Sun, Feb 01, 2004 - Page 6 News List

Financing scandal rocks French politics

IN TATTERS The conviction of a former prime minister seen as President Jacques Chirac's potential successor, Alain Juppe, has left the governing party in disarray


Former French Prime minister Alain Juppe, center left, is surrounded by security guards as he arrives at court in Nanterre near Paris on Friday.


In a blow to French President Jacques Chirac, a court convicted his ally and potential successor, former Prime Minister Alain Juppe, in a party financing scandal on Friday and disqualified him from office, rocking the governing right and the race for the French presidency in 2007.

Pale and close to tears, Juppe rushed out of the packed courtroom by a back door, his illustrious political career in tatters, after the three-judge panel found him guilty of overseeing the systematic use of public funds to pay workers in Chirac's party.

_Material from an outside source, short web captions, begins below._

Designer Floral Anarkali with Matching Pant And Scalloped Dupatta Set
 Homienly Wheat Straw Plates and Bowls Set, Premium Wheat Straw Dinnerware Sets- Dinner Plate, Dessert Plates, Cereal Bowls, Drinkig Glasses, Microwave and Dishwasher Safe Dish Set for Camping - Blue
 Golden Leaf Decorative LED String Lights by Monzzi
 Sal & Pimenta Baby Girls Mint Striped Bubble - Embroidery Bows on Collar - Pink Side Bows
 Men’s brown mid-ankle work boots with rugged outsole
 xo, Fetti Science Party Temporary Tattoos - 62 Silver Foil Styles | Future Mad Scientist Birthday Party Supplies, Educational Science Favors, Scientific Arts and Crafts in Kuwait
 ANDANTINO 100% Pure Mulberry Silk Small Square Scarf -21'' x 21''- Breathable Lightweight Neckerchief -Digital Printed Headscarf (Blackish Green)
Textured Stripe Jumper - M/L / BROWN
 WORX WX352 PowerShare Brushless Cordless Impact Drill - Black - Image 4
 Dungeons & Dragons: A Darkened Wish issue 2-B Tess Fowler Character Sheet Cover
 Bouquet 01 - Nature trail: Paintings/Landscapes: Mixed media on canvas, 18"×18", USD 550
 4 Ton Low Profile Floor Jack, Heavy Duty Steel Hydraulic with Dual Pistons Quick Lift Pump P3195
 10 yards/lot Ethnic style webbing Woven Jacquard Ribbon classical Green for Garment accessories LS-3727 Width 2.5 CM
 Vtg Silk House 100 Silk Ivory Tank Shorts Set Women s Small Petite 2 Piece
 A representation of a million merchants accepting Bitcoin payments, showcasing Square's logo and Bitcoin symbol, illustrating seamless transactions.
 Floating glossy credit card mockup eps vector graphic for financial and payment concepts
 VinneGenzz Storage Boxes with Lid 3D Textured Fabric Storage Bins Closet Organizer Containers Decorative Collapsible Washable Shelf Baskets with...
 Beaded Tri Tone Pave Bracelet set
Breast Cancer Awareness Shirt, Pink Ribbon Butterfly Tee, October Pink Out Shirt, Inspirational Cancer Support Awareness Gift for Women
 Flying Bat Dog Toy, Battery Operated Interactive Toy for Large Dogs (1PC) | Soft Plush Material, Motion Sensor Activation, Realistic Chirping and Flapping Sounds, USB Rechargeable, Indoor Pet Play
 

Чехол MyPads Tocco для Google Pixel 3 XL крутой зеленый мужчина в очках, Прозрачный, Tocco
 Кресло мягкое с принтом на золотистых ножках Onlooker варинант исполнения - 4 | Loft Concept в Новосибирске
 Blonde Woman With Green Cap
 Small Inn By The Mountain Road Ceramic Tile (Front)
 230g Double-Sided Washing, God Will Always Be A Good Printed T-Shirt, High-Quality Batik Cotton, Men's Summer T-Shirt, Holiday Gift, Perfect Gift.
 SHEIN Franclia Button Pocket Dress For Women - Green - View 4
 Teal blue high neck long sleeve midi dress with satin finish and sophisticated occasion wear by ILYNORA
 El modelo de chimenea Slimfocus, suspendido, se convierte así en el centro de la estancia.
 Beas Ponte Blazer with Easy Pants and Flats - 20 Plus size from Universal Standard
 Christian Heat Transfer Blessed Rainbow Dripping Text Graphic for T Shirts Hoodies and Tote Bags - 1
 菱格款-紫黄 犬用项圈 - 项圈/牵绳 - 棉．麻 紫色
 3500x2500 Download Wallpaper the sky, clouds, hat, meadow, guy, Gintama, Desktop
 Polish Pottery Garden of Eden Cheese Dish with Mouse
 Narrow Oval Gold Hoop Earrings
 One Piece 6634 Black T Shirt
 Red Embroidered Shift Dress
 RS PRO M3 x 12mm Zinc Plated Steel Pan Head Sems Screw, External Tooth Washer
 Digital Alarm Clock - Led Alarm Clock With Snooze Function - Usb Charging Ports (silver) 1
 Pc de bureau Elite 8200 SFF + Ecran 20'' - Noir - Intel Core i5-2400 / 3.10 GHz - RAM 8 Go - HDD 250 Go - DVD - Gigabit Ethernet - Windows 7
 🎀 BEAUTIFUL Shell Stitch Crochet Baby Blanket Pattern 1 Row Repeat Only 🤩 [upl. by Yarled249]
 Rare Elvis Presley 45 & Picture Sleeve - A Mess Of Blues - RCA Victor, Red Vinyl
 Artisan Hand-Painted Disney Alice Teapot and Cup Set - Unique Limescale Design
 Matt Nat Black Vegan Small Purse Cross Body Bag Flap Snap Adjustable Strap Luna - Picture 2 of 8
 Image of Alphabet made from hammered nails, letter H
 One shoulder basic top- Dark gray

The court in the western Paris suburb of Nanterre sentenced Juppe, 58, to a suspended 18-month prison sentence for "illegally taking advantages." Its sternly worded verdict could doom any hope for Juppe, one of France's brightest political stars, of ever ascending to the presidency.

"While vested with an elected public mandate, Alain Juppe betrayed the trust of the sovereign people," it said. "The nature of the acts committed is intolerable to society."

Under French election law, the conviction automatically barred the legislator and mayor of Bordeaux from voting for five years and holding office for 10. But the punishment will not take effect until a higher court has judged his appeal.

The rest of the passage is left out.